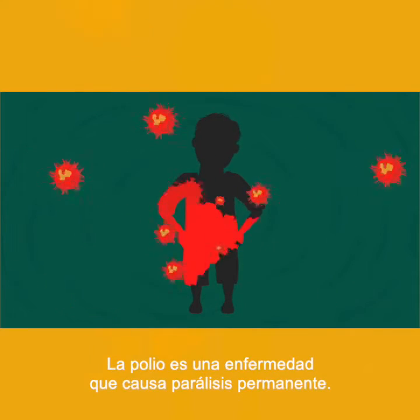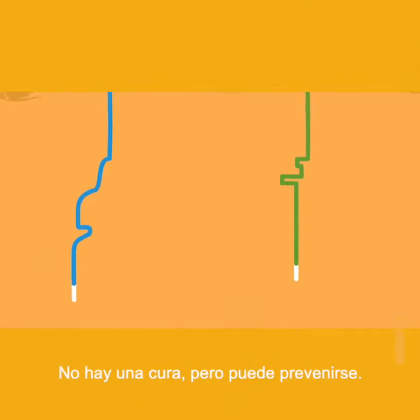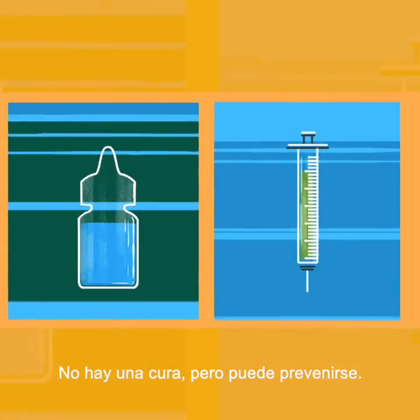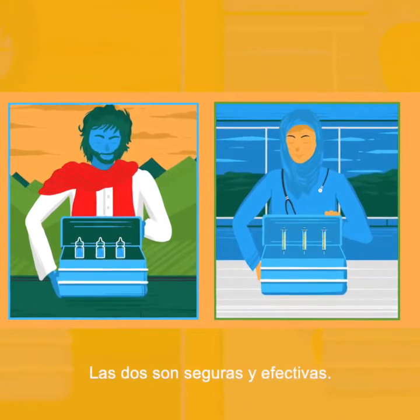Polio is a disease that causes permanent paralysis. We can't cure it, but we can prevent it. Two important tools help to prevent polio: two safe, effective vaccines.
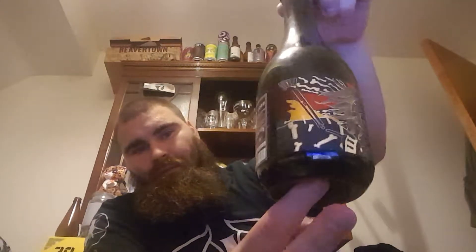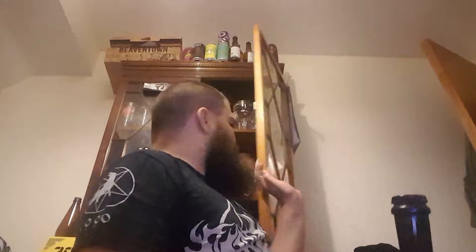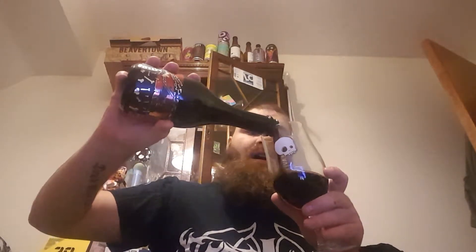Anyway, let's try and get this into a glass and enjoy it. Oh, smokey. The glug. Nice mocha head.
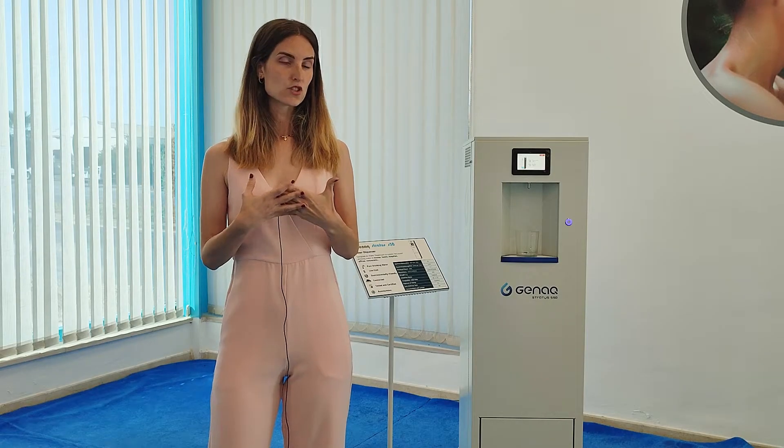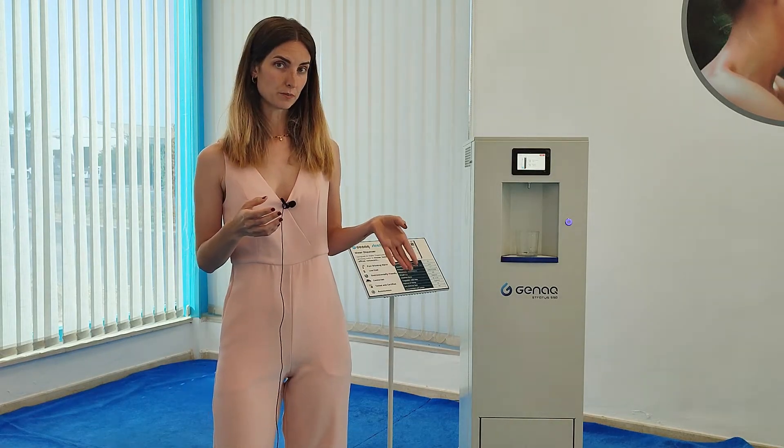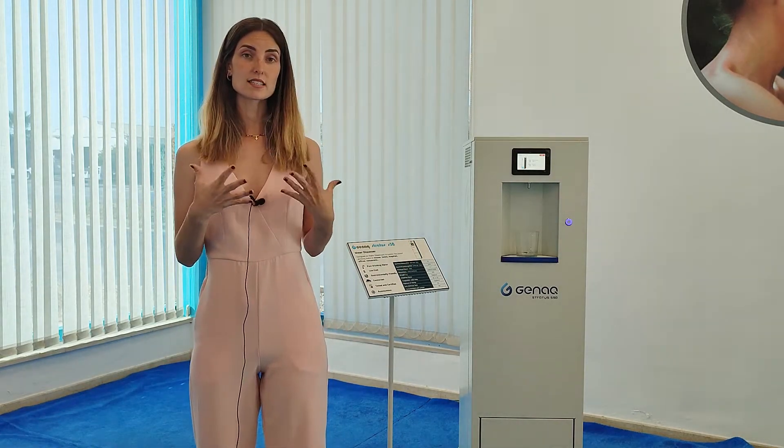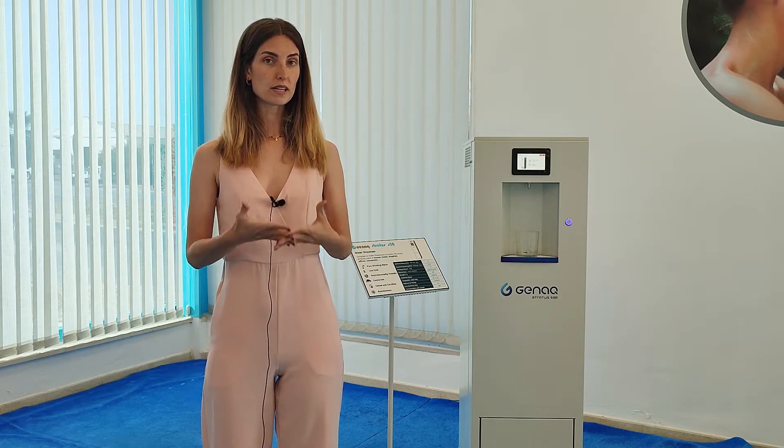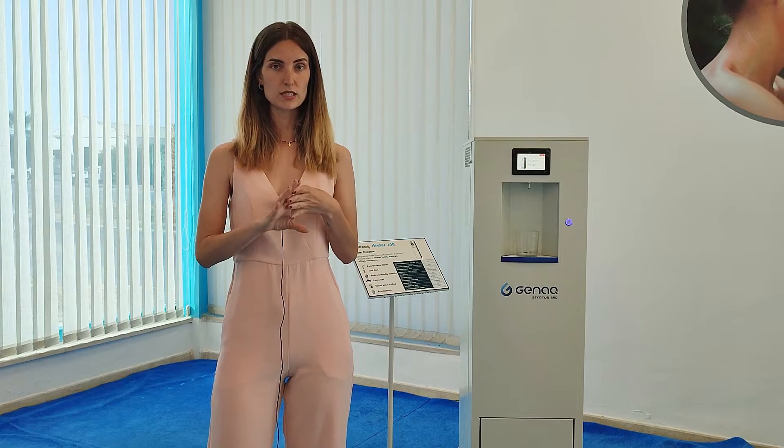Today I would like to share with you one of the generators of the Stratus range. This is the Stratus S50. As you can see, it is designed as a water dispenser to provide pure drinking water to homes, offices, hospitals, restaurants, etc.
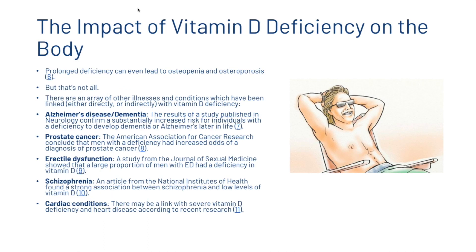Prolonged deficiency can even lead to osteopenia and osteoporosis. But that is not all. There are an array of other illnesses and conditions which have been linked, either indirectly or directly, with vitamin D deficiency, including Alzheimer's disease, prostate cancer, erectile dysfunction, schizophrenia, and cardiac conditions.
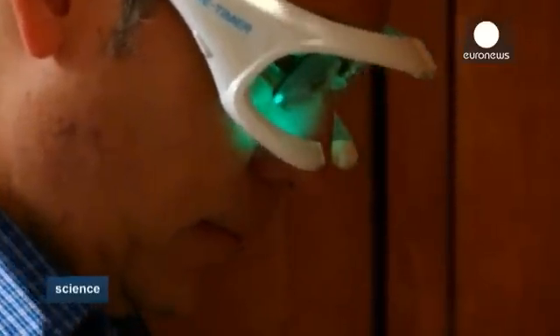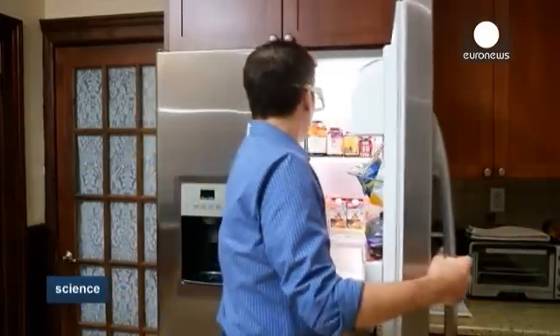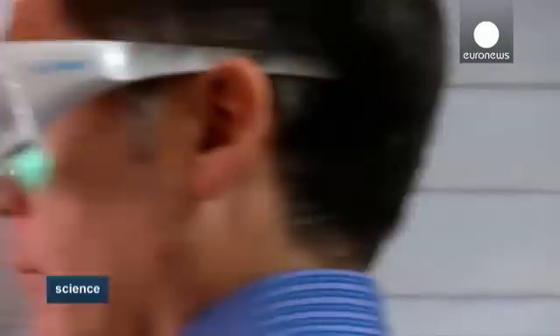Light therapy has been used for years to help regulate the body clock, especially for people suffering from seasonal affective disorder. But earlier devices weren't very user friendly — the light box had to be plugged into an electric source and the user had to remain in the same place for a considerable amount of time.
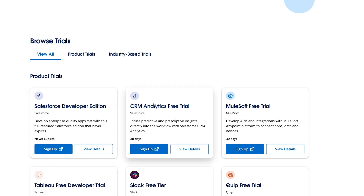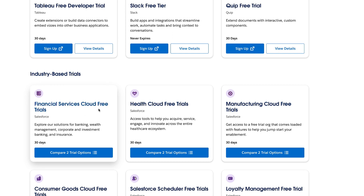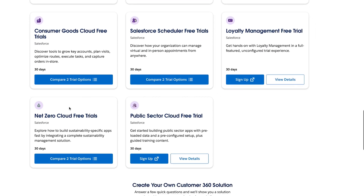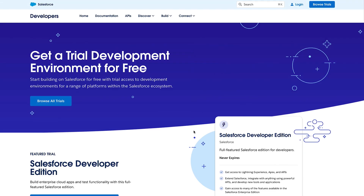but we also have the CRM Analytics free trial, a MuleSoft free trial, a Slack free trial, Tableau, Quip, Financial Service Cloud trial, Health Cloud trial, Manufacturing Cloud trial, Consumer Goods Cloud, Salesforce Scheduler, Loyalty Management, Net Zero Cloud, and Public Sector Cloud — all having a free trial for 30 days.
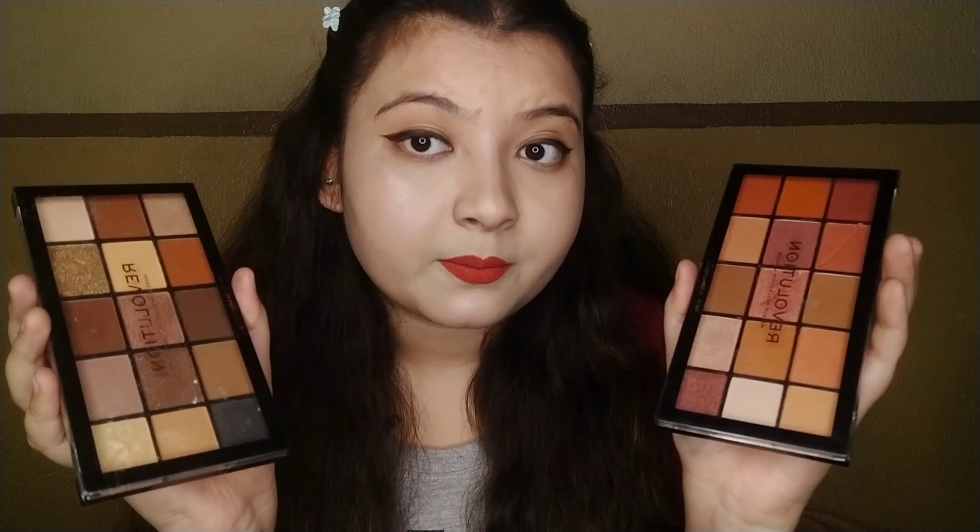My next product is also from L'Oreal Paris — this is the L'Oreal Paris Infallible Pro Spray & Set Makeup Extender Setting Spray. This makeup fixer will not give you a matte finish but it is pretty good. This also costs 800 rupees originally but I got it for 520 rupees — the same price as the gel liner.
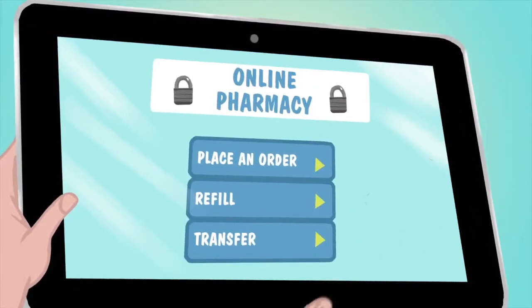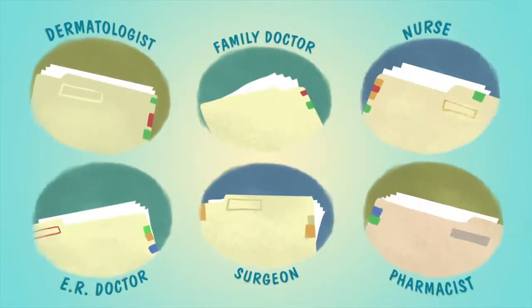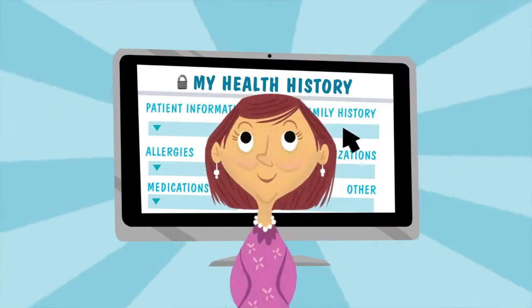Features like the blue button help you and your loved ones make decisions that are right for you. Whether managing chronic diseases like diabetes or tracking medications, Health IT is safe, secure, and life-saving.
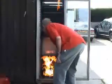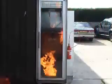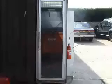Novec 1230. Four small fires have been lit in this electrical cabinet and a one kilogram fire trace system has been located near the center fire. The purpose is to see if all fires can be extinguished from a single discharge.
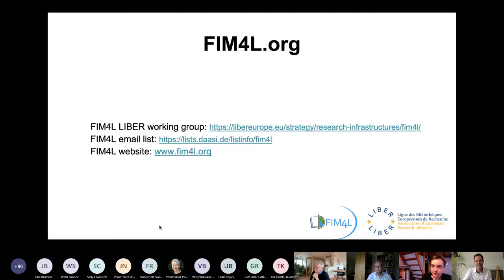There's also a question from Till Kinsler mentioning related projects like the Swiss Switch AAI and EduGain. We work together with EduGain and all the other federations and NRENs — they are very welcome to join us. If they want to work with us, I recommend subscribing to our email list, as shown on the slide.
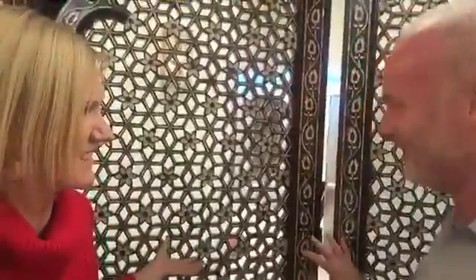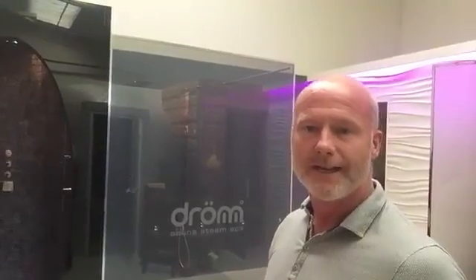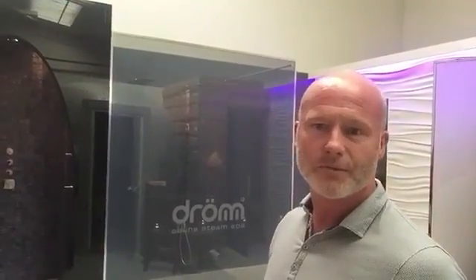Hi, this is Sara of Spa and Wellness Mexi-Caribe. Today I'm here in London at the showroom of DROM UK with Barry, who is going to show us around some of the equipment and the installations we have here. This is the home of DROM UK — this is where we've designed, developed and showcased a lot of our work. We've got 18 to 20 saunas, steam rooms, and steam showers on display.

━━━

INSTRUCTIONS FOR THE TASK: The answer should contain only the lines from the beginning of the material above through the line with "Today I would", retyped exactly, with the pictures removed.

ANSWER SECTION:
Polio is a disease that causes permanent paralysis. We can't cure it, but we can prevent it. Two important tools help to prevent polio: two safe, effective vaccines.
Anyway, let's try and get this into a glass and enjoy it. Oh, smokey. The glug. Nice mocha head.
Today I would like to share with you one of the generators of the Stratus range. This is the Stratus S50. As you can see, it is designed as a water dispenser to provide pure drinking water to homes, offices, hospitals, restaurants, etc.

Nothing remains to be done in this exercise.